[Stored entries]
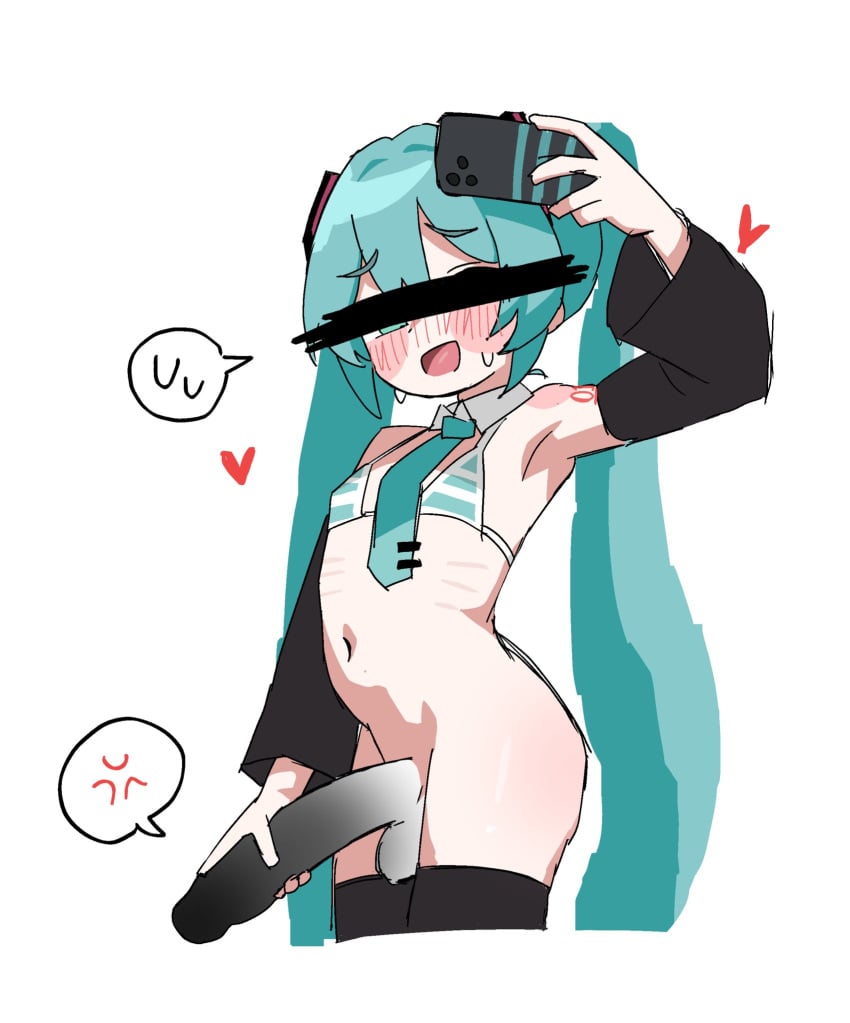 Hatsune Miku (Vocaloid) Rule 34 Image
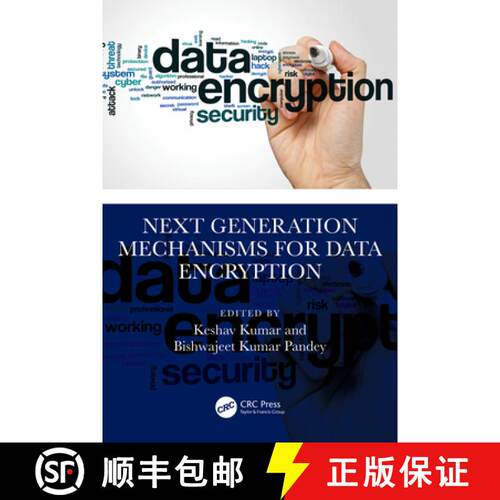 【3-4周达】精装 Next Generation Mechanisms for Data Encryption [9781032832845]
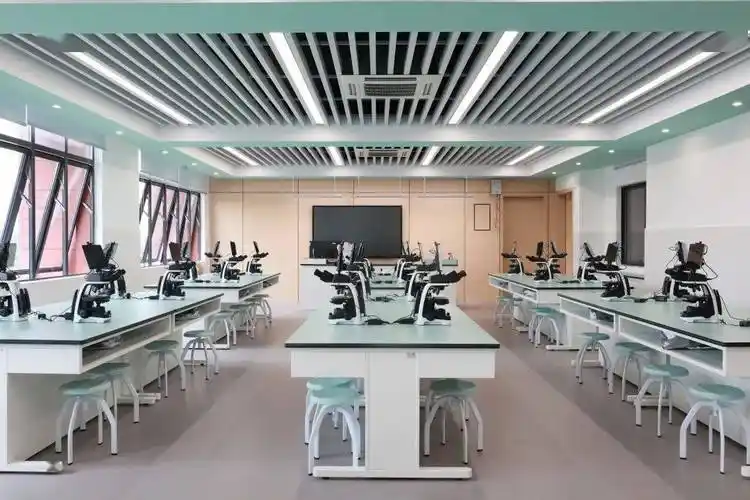 执所信,向未来 | 一文带你速览执信高科技实验室!_教学_队伍_物理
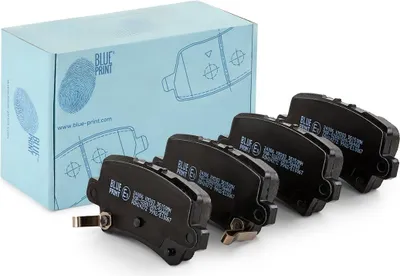 Produktbild von BLUE PRINT Bremsbeläge Satz Hinten für HONDA CIVIC VIII Hatchback (FN, FK) ADH24272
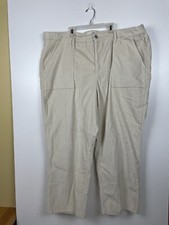 Women  s Universal Thread Plus Size Corduroy Pants, Ivory, Size 24W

| Assignment |
Nothing but the exact text of the records should appear in your answer, with no pictures. Please write it out.

| Answer to the exercise |
 Hatsune Miku (Vocaloid) Rule 34 Image
 【3-4周达】精装 Next Generation Mechanisms for Data Encryption [9781032832845]
 执所信,向未来 | 一文带你速览执信高科技实验室!_教学_队伍_物理
 Produktbild von BLUE PRINT Bremsbeläge Satz Hinten für HONDA CIVIC VIII Hatchback (FN, FK) ADH24272
 Women  s Universal Thread Plus Size Corduroy Pants, Ivory, Size 24W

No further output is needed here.